S2D2: Fast Decoding for Block-Diffusion LLMs via Training-Free Self-Speculation

Code for the paper.

Overview

Block-diffusion language models offer a promising path toward faster-than-autoregressive generation by combining block-wise autoregressive decoding with within-block parallel denoising. However, in the few-step regime needed for practical acceleration, standard confidence-thresholded decoding is often brittle: aggressive thresholds hurt quality, while conservative thresholds require unnecessary denoising steps. Existing approaches that address this issue either require additional training or incur extra test-time compute.

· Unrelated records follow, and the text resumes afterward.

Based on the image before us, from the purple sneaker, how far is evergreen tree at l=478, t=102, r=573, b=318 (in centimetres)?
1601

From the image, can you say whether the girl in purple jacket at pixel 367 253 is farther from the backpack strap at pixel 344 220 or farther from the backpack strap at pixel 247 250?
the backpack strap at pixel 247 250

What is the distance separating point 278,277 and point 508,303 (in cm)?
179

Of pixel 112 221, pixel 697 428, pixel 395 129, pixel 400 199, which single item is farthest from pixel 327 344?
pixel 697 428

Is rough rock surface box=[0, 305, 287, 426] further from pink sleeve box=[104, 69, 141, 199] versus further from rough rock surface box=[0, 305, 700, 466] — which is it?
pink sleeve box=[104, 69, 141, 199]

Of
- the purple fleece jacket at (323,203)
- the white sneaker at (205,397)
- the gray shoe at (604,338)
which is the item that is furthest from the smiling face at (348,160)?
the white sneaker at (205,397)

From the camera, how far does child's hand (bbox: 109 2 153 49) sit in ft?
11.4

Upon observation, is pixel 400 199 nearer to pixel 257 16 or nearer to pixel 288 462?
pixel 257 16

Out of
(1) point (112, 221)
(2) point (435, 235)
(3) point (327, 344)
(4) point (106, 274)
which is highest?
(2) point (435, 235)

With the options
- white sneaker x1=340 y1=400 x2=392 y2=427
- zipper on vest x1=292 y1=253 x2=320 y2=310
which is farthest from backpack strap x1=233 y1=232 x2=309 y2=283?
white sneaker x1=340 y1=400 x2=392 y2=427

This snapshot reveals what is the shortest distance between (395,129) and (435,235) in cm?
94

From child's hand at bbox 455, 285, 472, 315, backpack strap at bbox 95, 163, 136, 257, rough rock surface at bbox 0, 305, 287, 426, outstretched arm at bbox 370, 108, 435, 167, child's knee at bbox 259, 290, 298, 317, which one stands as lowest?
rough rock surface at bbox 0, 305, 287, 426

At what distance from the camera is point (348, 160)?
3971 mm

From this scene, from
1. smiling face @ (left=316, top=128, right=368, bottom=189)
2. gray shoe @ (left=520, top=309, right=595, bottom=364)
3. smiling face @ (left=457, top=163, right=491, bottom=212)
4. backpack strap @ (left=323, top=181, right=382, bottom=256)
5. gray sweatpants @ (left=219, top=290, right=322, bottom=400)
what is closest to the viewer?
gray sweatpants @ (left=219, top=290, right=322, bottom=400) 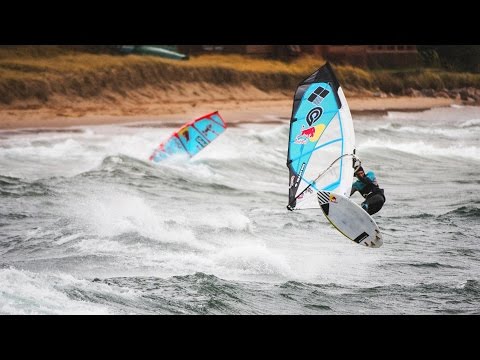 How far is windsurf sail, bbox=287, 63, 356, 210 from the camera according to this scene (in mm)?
5648

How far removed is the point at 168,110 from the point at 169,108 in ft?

We present S2D2, a training-free self-speculative decoding framework for block-diffusion language models. Our key observation is that a block-diffusion model becomes autoregressive when the block size is reduced to one, allowing the same pretrained model to act as both drafter and verifier. S2D2 inserts a speculative verification step into standard block-diffusion decoding and uses lightweight routing policies to decide when verification is worth its cost. This yields a hybrid decoding trajectory in which diffusion proposes tokens in parallel, while the autoregressive mode acts as a local sequence-level critic.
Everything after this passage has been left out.